++++ RECORDS FOR THIS TASK

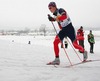 Max Treinen of USA skiing during Junior Men 10km classic race of FIS Nordic Junior Ski World Championship in Medvode, Slovenia.  Race was won by Petter Northug of Norway, Martin Jaks of Czech placed second, while Dario Alonzo Cologna of Switzerland finished third.
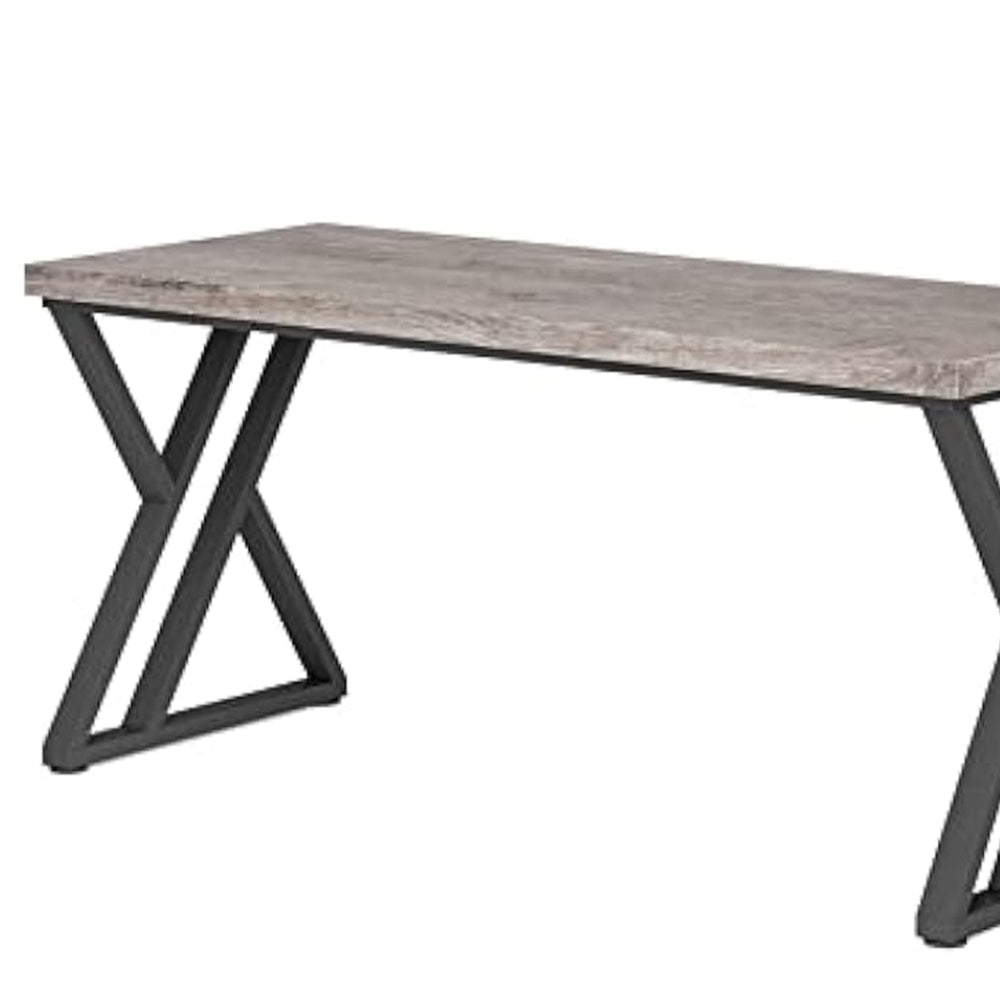 Oneb Writing Desk 55 Inch Gray Rectangular Top Black Metal Z Base BM328513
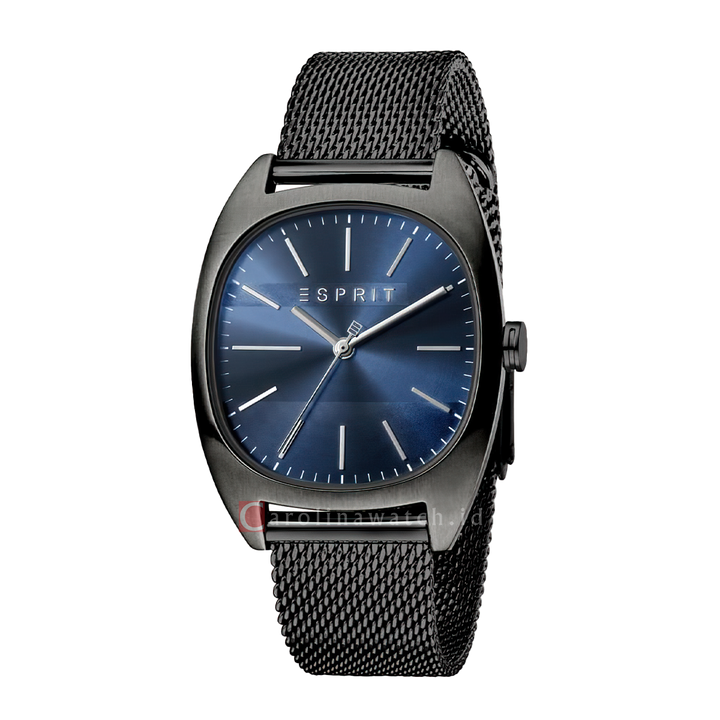 Jam Tangan ESPRIT ES1G038M0095 Men Blue Dial Black Stainless Steel Strap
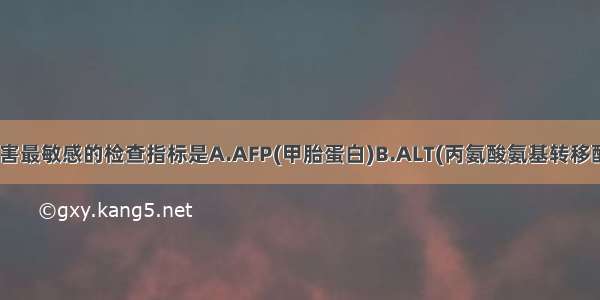 下列反映肝损害最敏感的检查指标是A.AFP(甲胎蛋白)B.ALT(丙氨酸氨基转移酶)C.AST(天门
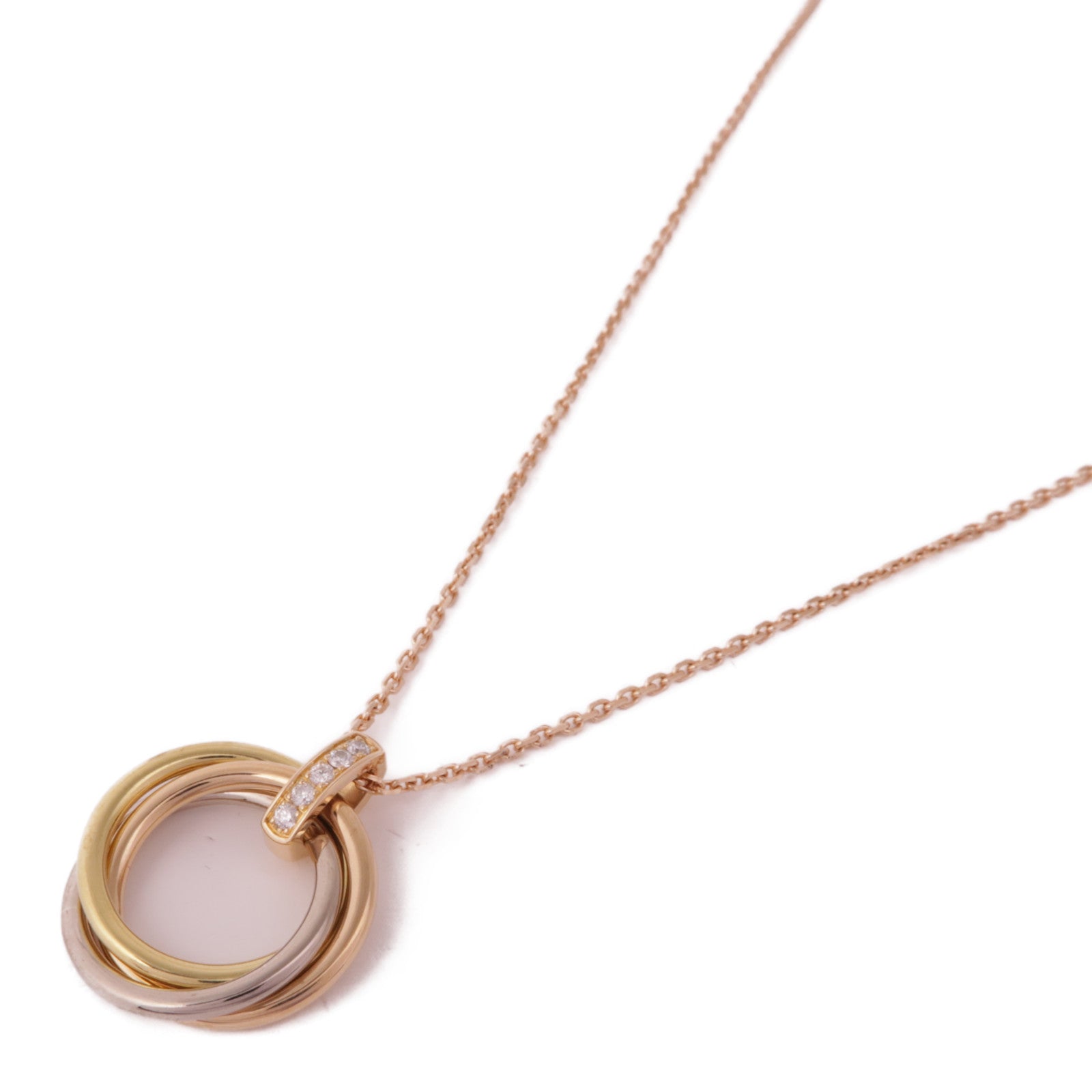 CARTIER Trinity Necklace 5P Diamond B7058700 18K Yellow White Pink Gold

++++++++

Could you write out again, exactly, the lines from the line containing "下列反映肝损害最敏感的检查指" through the last line of the records above? Leave out the pictures.

 下列反映肝损害最敏感的检查指标是A.AFP(甲胎蛋白)B.ALT(丙氨酸氨基转移酶)C.AST(天门
 CARTIER Trinity Necklace 5P Diamond B7058700 18K Yellow White Pink Gold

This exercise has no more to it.